Sylvette la percevait sans que faiblisse sa détermination de ne pas bouger de là.

Maman vidait des coffres là-haut, les femmes en rajoutaient, de plus en plus servilement, ne leur permettant d'oublier aucun tiroir, aucune boîte à ouvrage.

Grand-mère passait dans une autre pièce entraînant les pas lourds des soldats :

- "Par ici, par ici, vous n'avez pas regardé par ici...! Il y a plein de recoins encore !"

Sylvette pensa qu'elle les entraînait dans une espèce de poulailler où elle mettait à couver les bonnes pondeuses. Le fracas des cages, des écuelles et des paniers renversés, les cris hargneux des soldats de plus en plus nerveux et désappointés, et grand-mère qui criait elle ne savait plus à qui :

- "Attention au pot au feu ! Attention au pot au feu !"

Sur le visage innocent de Sylvette qui le fixe intensément, se superpose celui de la petite sœur Mali. Le géant revoit les tissus jaunes dont elle s’entourait, il sent sur sa peau la chaleur de son pays natal et un sourire apparaît sur sa face hideuse.

Sylvette à son tour se détend et répond à son sourire. Ses yeux disent : 

- "Tu n’es pas aussi mauvais que tu veux le faire croire."

Ceux de l’hindou disent :

- "Tu me rappelles ma petite sœur Mali que j’aimais tant."

La connivence s’installe entre eux. Ils restent immobiles dans cette aura de lumière et tout d’un coup, un grand bruit les fait sursauter. La baïonnette est tombée sur le sol.

Une dégringolade de gros souliers et d’armes dans l’escalier.

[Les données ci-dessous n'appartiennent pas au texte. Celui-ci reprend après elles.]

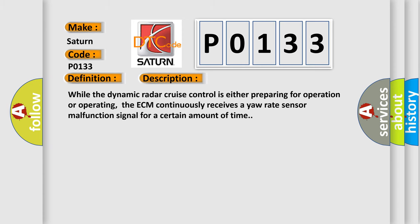While the dynamic radar cruise control is either preparing for operation or operating, the ECM continuously receives a yaw rate sensor malfunction signal for a certain amount of time.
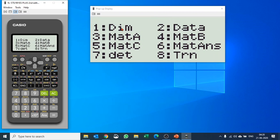You can also find the dimension of the matrix, define a new matrix, multiply a matrix by a certain number, or perform cross multiplication operations on matrices. You can do all of this easily here.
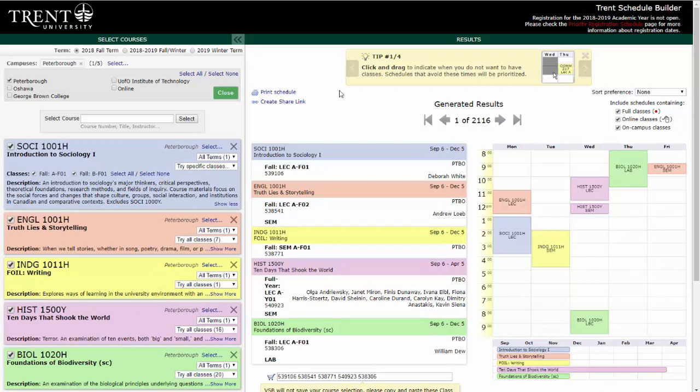Welcome to our video tutorial on how to use Schedule Builder to create your class schedule and register for courses for the upcoming academic year. Once you have decided which courses you would like to take, you can use the Visual Schedule Builder to view your class schedule options based on these courses.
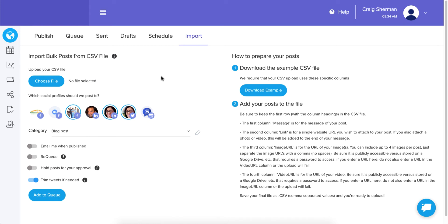Hey everyone, it's Craig here with a new feature. To be honest, we launched this a few days ago as a soft launch — there were a couple of things I wanted to add. We prefer to be best rather than first, so we wanted to differentiate from the competition. One of the big differentiators: you won't find too many CSV imports where you can add multiple images to each post, but we pulled it off and I'm going to show you how.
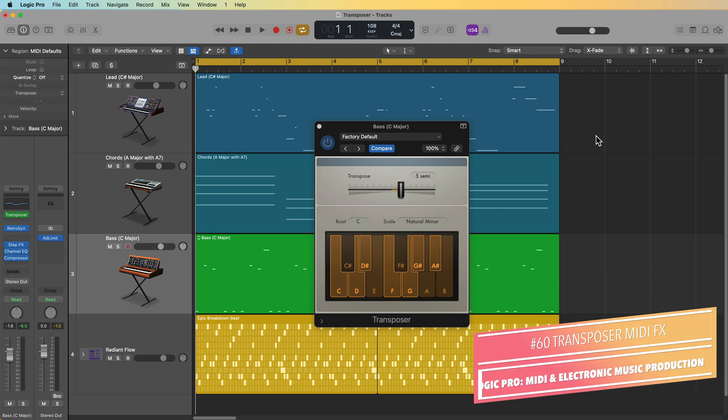Hey, what's up everyone? This is Music Tech Help Guy and welcome to part 60 of my ultimate guide to Logic Pro. In this video, we're going to take a look at the Transposer MIDI FX plugin.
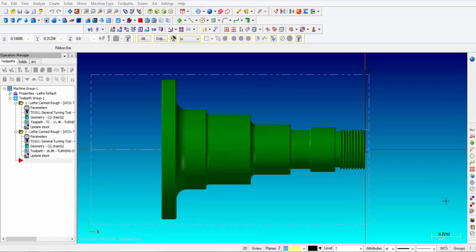Welcome back to Part 3 of CNC lathe turning using Mastercam X7. Up to this point we have learned how to create operations for rough facing and rough OD turning, and I'm going to walk you through the steps of finish facing and finish OD turning.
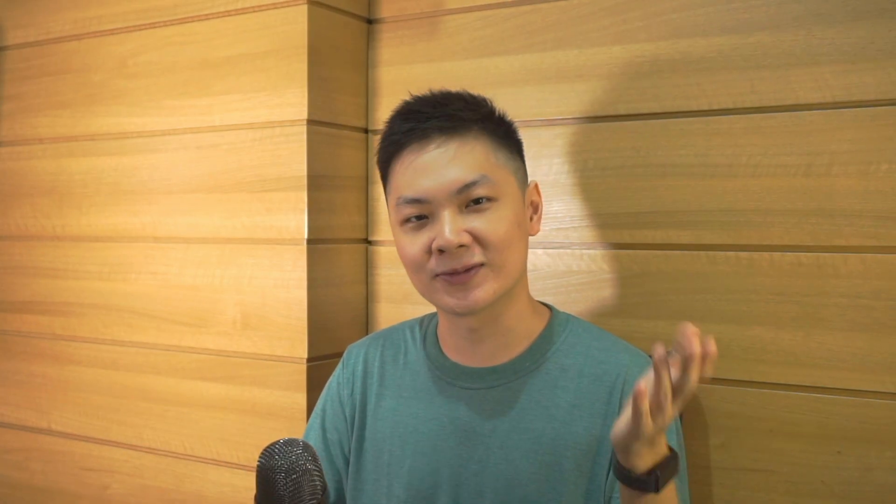With that being said, thanks again for watching until the end. I hope you have a wonderful day and I'll see you in other videos. Bye-bye!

Les soldats réapparaissent derrière les femmes aux visages matois.

Ils ont des puces plein les bottes et dansent sur place en se frottant les jambes l’une sur l’autre avec une grimace de douleur.

Le géant devant le landau est soudain pris d’un grand rire qui secoue ses massives épaules et Sylvette s’unit à ce rire tonitruant.

On entendit des coups de feu au lointain. Les hindous allaient être pris à revers dans la souricière qu’ils avaient eux-mêmes construite.

Maman courut en bonne ménagère vers sa marmite, suivie de grand-mère en alerte.

- "Le pot au feu ! Le pot au feu !"

Les soldats s’enfuirent rapidement. Les deux femmes sortirent de la marmite leur précieux pot au feu : les louis d’or et le trésor de famille enveloppés dans un torchon dégoulinant de soupe.

Le magot familial avait une fois encore été sauvé. Les hommes étaient en vie et à l’attaque. Sylvette rayonnait d’avoir sauvé l’héritier qui dormait toujours dans son landau comme un Jésus dans sa crèche.